• Exercise brief: Give back exactly the lines from the start of the listing to the line containing "10pcs 13.56MHz IC", inclusive, and nothing beyond them.

• The data:
-- Opening Marker --

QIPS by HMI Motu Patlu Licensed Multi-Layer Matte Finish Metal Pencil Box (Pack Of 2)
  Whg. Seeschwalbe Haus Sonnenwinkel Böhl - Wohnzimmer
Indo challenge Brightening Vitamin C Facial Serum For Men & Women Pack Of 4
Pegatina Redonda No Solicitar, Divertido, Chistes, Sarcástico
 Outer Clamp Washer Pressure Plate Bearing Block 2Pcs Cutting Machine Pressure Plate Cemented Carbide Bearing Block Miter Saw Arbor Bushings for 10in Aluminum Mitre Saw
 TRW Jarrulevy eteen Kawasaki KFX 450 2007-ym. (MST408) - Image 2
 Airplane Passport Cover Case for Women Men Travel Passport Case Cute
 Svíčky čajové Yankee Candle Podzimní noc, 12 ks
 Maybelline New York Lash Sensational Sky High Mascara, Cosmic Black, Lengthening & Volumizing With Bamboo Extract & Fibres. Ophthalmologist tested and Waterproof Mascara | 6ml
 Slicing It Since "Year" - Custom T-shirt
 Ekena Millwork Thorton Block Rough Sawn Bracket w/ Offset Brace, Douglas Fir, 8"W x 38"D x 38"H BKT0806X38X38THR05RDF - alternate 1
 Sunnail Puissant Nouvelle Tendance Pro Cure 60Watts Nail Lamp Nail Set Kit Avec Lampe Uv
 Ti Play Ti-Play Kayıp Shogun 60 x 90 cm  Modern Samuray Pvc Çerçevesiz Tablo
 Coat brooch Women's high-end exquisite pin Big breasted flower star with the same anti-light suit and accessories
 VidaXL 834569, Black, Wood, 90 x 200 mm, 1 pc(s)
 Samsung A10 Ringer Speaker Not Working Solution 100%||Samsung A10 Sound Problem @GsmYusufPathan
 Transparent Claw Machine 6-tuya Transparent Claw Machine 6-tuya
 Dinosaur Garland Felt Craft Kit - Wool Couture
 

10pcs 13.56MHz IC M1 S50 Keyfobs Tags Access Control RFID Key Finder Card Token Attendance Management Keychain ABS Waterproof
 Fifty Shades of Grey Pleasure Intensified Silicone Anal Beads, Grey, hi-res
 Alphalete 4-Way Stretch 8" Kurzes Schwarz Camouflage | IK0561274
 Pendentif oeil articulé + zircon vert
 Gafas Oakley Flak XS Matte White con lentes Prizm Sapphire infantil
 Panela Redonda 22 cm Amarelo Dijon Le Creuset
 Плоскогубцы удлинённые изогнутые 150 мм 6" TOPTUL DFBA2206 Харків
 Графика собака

-- Closing Marker --

• Response to the task:
QIPS by HMI Motu Patlu Licensed Multi-Layer Matte Finish Metal Pencil Box (Pack Of 2)
  Whg. Seeschwalbe Haus Sonnenwinkel Böhl - Wohnzimmer
Indo challenge Brightening Vitamin C Facial Serum For Men & Women Pack Of 4
Pegatina Redonda No Solicitar, Divertido, Chistes, Sarcástico
 Outer Clamp Washer Pressure Plate Bearing Block 2Pcs Cutting Machine Pressure Plate Cemented Carbide Bearing Block Miter Saw Arbor Bushings for 10in Aluminum Mitre Saw
 TRW Jarrulevy eteen Kawasaki KFX 450 2007-ym. (MST408) - Image 2
 Airplane Passport Cover Case for Women Men Travel Passport Case Cute
 Svíčky čajové Yankee Candle Podzimní noc, 12 ks
 Maybelline New York Lash Sensational Sky High Mascara, Cosmic Black, Lengthening & Volumizing With Bamboo Extract & Fibres. Ophthalmologist tested and Waterproof Mascara | 6ml
 Slicing It Since "Year" - Custom T-shirt
 Ekena Millwork Thorton Block Rough Sawn Bracket w/ Offset Brace, Douglas Fir, 8"W x 38"D x 38"H BKT0806X38X38THR05RDF - alternate 1
 Sunnail Puissant Nouvelle Tendance Pro Cure 60Watts Nail Lamp Nail Set Kit Avec Lampe Uv
 Ti Play Ti-Play Kayıp Shogun 60 x 90 cm  Modern Samuray Pvc Çerçevesiz Tablo
 Coat brooch Women's high-end exquisite pin Big breasted flower star with the same anti-light suit and accessories
 VidaXL 834569, Black, Wood, 90 x 200 mm, 1 pc(s)
 Samsung A10 Ringer Speaker Not Working Solution 100%||Samsung A10 Sound Problem @GsmYusufPathan
 Transparent Claw Machine 6-tuya Transparent Claw Machine 6-tuya
 Dinosaur Garland Felt Craft Kit - Wool Couture
 

10pcs 13.56MHz IC M1 S50 Keyfobs Tags Access Control RFID Key Finder Card Token Attendance Management Keychain ABS Waterproof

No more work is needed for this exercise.